Marina Raskova was a pilot who convinced Stalin to organize three regiment of female pilots which fought with distinction.

While it may have made the conflict bloodier, I wouldn’t say it prolonged the war simply because logistics ensured the war would always have to go at a certain pace. Pre-war Japanese war games with a war starting in mid-1941 always had the war end in a complete Japanese loss in mid-1945 which is incredibly close to the real time table.

Assuming you’re not only looking for women who were among the good guys, Leni Riefenstahl has to be right up there.

According to the article that technology was not used in WWII.

Lyudmila Pavlichenko *directly *influenced at least 309 Germans. Influenced them right in the head (or other body part).
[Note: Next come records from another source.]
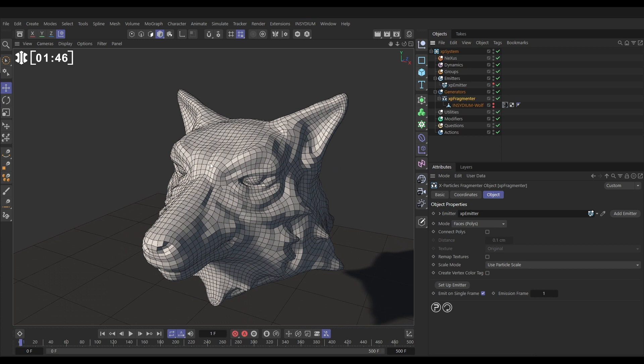Now we've got a problem. We haven't got any smooth shading here. So let's go back to our fragmenter. We can click on connect polys which will then enable smooth shading.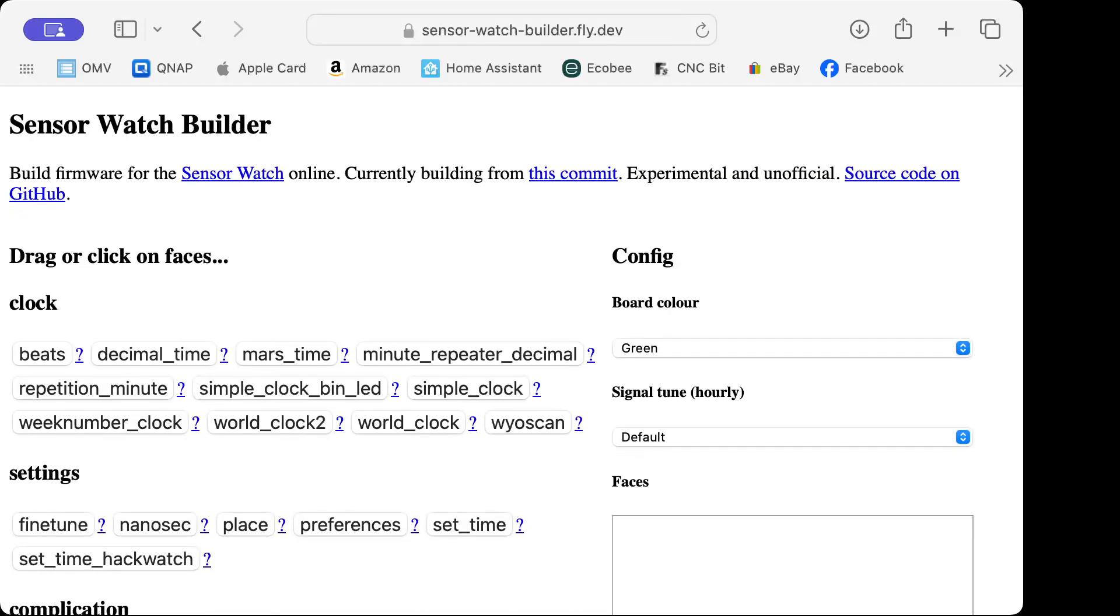I'm going to show you how to build a custom firmware for the sensor watch project for the Casio F91W wristwatch. You just go to this website, which I'll link in the description.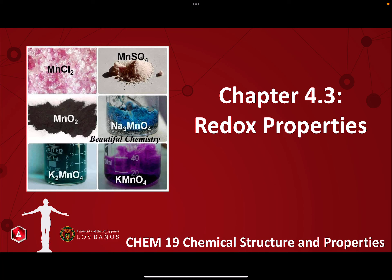Hello Chem19 students, this is Professor May Joanne Aguila, and this video lecture is a segment of the discussion highlights for Chapter 4.3, Redox Properties.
That’s a lot less abstract.

Would **Tokyo ****Rose **merit a (dis)honorable mention?

Mention must be made of Jackie Cochran, creator of the WASP’s.

Betty Grable, inspiring tens of thousands of pieces of airplane nose art

She was influential…and in WWII.

Her influence was just not felt for a while!:slight_smile:

Lise Meitner didn’t do much during WWII that was influential, but her prewar work definitely influenced the outcome of the war. She (along with Otto Hahn and others) were the first to discover and correctly explain nuclear fission induced by neutron bombardment. Without that work there would have been no Manhattan Project and no atomic bomb.

Wrong. “Mao’s policy was strict. Communist forces were not to fight the Japanese unless attacked.They were to conserve their strength for seizing territory from the Nationalists. Mao made it clear that Chiang Kai-shek was their ultimate opponent, their enemy number 1”. Anthony Beevor. “The Second World War”

Beevor also says the Chinese Communists and Japanese had secret agreements not to attack each other. The Second World War (book) - Wikipedia

Lamarr got the patent all right, but it was never developed for practical use until long after the war ended.

Yes, but Mae West got the life preserver named after her. The one that had two inflated sections that rested on the wearer’s chest.